Ao mesmo tempo, Clinton propõe medidas para poupar 1,6 biliões de dólares. Entre elas incluem-se a reforma do sistema de cobrança de impostos, o aumento do imposto mínimo, sobretaxas e outros agravamentos sobre os rendimentos superiores a um milhão de dólares (com os quais pretende arrecadar entre 400.000 e 500.000 milhões de dólares), o aumento do imposto sobre as sociedades ou a introdução de uma taxa para as instituições financeiras.

“As propostas de Clinton estão projetadas para ser fiscalmente progressivas, mas modestamente”, especifica Page. Apoiando-se num estudo realizado pelo think-tank The Tax Foundation, o especialista explica que as propostas fiscais da candidata poderiam ter um impacto de 1% sobre as receitas de todas as famílias americanas, à exceção das famílias que se situam entre as 10% mais ricas, que sofreriam um impacto de 1,7% sobre as suas receitas. Cerca de 1% dos mais ricos do país sofreriam, por seu lado, um corte de 2,7% nas suas receitas.

As propostas do candidato republicano são menos detalhadas, mas mais agressivas. Propõe uma reforma fiscal que simplifique e reduza os códigos de cobrança de impostos; a revogação da Obamacare; uma polémica reforma migratória (juntamente com a construção de um muro fronteiriço entre os EUA e o México); políticas comerciais muito restritivas (incluindo a imposição de tarifas especiais sobre a China e o México) e a saída do NAFTA (Tratado Norte-Americano de Livre Comércio); uma reforma da administração de veteranos de guerra e a proteção da 2ª Emenda (direito de posse de armas).

Trump pretende compensar estes gastos mediante a redução ou eliminação de muitas deduções e lacunas legais que favorecem os mais ricos; a repatriação de uma vez só com uma taxa de 10% do dinheiro corporativo que esteja fora de país, e uma reforma sobre os impostos às empresas, são outras das medidas.
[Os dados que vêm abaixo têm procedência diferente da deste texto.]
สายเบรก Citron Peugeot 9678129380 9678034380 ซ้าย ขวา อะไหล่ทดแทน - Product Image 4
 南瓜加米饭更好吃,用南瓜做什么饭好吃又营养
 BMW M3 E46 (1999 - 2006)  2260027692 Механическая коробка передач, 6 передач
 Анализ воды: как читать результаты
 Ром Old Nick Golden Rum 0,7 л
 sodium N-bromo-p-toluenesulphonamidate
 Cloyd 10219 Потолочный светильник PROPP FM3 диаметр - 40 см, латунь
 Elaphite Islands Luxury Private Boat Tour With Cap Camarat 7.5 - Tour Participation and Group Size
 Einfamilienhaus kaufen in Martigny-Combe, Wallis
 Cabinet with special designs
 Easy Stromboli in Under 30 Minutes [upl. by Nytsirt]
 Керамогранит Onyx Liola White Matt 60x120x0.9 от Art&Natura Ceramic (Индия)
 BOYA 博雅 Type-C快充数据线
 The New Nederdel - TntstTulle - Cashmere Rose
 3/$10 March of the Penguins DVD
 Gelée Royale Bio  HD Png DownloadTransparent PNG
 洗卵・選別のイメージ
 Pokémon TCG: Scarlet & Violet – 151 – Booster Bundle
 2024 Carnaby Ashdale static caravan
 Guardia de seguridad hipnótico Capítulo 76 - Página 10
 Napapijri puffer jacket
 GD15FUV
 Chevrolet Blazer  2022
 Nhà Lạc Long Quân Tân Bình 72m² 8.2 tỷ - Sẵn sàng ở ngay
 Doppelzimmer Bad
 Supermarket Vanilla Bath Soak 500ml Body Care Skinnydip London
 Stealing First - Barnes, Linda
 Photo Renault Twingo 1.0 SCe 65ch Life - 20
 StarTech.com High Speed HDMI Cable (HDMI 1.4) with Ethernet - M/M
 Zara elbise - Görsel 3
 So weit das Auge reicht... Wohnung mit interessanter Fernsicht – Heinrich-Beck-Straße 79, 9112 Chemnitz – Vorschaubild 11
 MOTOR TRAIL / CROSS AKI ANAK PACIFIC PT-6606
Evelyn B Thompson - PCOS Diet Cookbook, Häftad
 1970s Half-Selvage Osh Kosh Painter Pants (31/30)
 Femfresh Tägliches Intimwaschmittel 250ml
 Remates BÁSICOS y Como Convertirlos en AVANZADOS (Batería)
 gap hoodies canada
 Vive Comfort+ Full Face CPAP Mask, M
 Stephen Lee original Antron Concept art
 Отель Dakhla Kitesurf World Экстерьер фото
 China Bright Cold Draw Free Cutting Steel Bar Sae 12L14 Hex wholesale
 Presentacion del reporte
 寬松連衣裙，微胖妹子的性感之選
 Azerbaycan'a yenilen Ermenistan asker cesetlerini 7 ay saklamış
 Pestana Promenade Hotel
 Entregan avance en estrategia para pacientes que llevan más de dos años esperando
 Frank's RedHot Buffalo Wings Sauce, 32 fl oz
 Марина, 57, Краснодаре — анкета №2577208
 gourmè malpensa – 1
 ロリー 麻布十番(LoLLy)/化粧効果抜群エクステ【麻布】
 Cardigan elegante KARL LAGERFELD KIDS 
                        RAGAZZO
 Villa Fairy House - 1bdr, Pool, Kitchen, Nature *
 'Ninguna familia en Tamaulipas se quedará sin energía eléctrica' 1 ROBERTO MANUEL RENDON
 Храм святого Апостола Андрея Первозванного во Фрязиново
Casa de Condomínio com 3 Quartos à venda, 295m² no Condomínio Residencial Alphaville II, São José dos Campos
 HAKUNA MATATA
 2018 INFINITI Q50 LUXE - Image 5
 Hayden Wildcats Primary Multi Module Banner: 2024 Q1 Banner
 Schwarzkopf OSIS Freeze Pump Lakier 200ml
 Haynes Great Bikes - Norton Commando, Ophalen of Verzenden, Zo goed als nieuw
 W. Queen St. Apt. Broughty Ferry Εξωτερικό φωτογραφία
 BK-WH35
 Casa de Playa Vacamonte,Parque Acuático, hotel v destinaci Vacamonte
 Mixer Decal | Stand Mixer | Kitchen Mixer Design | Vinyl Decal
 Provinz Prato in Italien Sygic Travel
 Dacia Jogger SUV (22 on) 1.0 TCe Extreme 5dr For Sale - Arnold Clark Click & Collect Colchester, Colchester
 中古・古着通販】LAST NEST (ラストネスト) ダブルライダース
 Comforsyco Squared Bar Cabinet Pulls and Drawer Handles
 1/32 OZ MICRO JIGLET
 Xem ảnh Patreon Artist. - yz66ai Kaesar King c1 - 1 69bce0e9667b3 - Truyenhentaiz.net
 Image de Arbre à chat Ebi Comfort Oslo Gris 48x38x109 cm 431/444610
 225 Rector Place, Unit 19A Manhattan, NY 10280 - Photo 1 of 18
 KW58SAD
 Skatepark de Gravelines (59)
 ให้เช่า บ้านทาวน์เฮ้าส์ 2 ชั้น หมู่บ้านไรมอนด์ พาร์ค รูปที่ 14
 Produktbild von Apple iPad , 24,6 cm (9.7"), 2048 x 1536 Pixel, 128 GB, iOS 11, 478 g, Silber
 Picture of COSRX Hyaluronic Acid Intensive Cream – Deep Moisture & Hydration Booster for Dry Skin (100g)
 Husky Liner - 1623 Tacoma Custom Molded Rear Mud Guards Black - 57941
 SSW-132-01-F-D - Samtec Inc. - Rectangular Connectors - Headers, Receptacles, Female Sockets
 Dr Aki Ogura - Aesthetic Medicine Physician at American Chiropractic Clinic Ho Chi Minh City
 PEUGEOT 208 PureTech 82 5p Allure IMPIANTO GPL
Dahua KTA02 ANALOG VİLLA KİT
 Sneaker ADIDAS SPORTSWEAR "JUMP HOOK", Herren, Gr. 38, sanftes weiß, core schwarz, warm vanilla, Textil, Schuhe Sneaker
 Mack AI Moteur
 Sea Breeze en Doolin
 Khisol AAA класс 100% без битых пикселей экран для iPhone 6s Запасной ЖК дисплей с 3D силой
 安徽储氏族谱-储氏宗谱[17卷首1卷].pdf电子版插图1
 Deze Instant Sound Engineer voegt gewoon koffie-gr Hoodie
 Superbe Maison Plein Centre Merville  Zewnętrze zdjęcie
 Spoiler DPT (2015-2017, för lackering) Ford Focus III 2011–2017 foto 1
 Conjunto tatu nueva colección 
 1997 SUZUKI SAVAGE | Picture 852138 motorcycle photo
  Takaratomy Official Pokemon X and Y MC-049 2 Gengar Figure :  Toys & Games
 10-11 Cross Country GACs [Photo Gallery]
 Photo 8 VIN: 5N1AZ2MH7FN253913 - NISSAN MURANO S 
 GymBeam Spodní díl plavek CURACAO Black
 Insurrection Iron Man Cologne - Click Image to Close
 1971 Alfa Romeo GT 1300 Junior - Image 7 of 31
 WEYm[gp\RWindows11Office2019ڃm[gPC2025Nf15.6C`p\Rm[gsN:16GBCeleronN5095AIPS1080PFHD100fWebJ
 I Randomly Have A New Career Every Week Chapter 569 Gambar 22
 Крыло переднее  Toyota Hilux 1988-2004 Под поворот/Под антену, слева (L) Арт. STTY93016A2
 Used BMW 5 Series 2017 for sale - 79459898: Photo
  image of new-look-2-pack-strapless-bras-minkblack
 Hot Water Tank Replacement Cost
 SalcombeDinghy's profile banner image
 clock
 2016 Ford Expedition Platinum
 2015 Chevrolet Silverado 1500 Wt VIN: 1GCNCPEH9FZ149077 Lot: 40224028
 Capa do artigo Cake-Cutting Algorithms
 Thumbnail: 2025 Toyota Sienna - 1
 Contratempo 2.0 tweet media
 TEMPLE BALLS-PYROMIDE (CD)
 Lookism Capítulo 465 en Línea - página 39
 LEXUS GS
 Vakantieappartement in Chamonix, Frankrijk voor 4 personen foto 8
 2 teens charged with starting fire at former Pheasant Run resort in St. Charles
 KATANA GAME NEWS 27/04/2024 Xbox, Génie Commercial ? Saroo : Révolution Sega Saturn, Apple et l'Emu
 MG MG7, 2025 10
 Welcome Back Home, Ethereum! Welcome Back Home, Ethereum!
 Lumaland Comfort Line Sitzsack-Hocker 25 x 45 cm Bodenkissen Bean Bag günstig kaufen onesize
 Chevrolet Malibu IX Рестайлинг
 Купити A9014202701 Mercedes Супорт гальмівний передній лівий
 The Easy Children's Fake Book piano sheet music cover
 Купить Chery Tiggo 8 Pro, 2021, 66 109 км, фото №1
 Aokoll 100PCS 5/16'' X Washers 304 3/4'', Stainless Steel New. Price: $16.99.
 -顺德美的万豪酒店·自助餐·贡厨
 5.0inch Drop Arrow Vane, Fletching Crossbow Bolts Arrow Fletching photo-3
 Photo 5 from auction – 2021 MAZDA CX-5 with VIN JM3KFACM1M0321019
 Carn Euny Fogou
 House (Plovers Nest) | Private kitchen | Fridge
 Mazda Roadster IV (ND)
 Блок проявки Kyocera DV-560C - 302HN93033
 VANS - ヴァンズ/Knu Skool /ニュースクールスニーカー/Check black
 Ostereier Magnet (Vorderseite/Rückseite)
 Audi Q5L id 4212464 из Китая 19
O analista comenta que, segundo uma série de organismos, as propostas do magnata poderão custar entre 9,5 e 12 biliões de dólares, o que poderá fazer com que a “o nível de dívida norte-americana dispare dos 73%, para um intervalo entre 100% e 140% do PIB, durante a próxima década”. Para além disso, Page classifica o plano impositivo do milionário como “agressivamente fiscalmente regressivo”. “Um terço das famílias com rendimentos mais baixos poderá esperar que os seus rendimentos subam cerca de 11%, em média. No entanto, as famílias do terço intermédio poderão esperar uma subida de cerca de 19%, o terço com rendimentos mais altos cerca de 19%, e a fatia de 1% mais ricos, cerca de 27%”, especifica.

“Uma dificuldade para avaliar o impacto das políticas de Trump sobre a economia é julgar o seu grau de compromisso com elas. As implicações de tal flexibilização fiscal generalizada seriam significativas para a economia, para a política monetária da Fed, para as obrigações, as ações e para o dólar”, avisa o especialista da AXA IM, Este pontualiza que “se Trump propõe mais adiante medidas adicionais para neutralizar parte ou toda esta flexibilização, poderá ter um impacto muito diferente”.

“Trump decidiu retomar muitas das propostas do programa republicano, justamente para tranquilizar a sua base eleitoral, apaziguar a comunidade empresarial, que financia a sua campanha e lucrar depois do recente recuo nas sondagens”, afirma da Groupama AM. Os seus especialistas consideram que o programa é impreciso e deve resolver uma dupla equação. Em primeiro lugar, uma equação contável: “Não fica claro como é que se financiarão os cortes  de impostos sabendo que sugere um aumento dos gastos militares e de infraestruturas”. Em segundo lugar trata-se de uma equação política: “Por um lado, o programa é parte do dogma económico republicano de queda de impostos, especialmente para os mais ricos. Por outro lado, este projeto continua a ser protecionista e em ruptura com a tradição republicana de globalização económica”.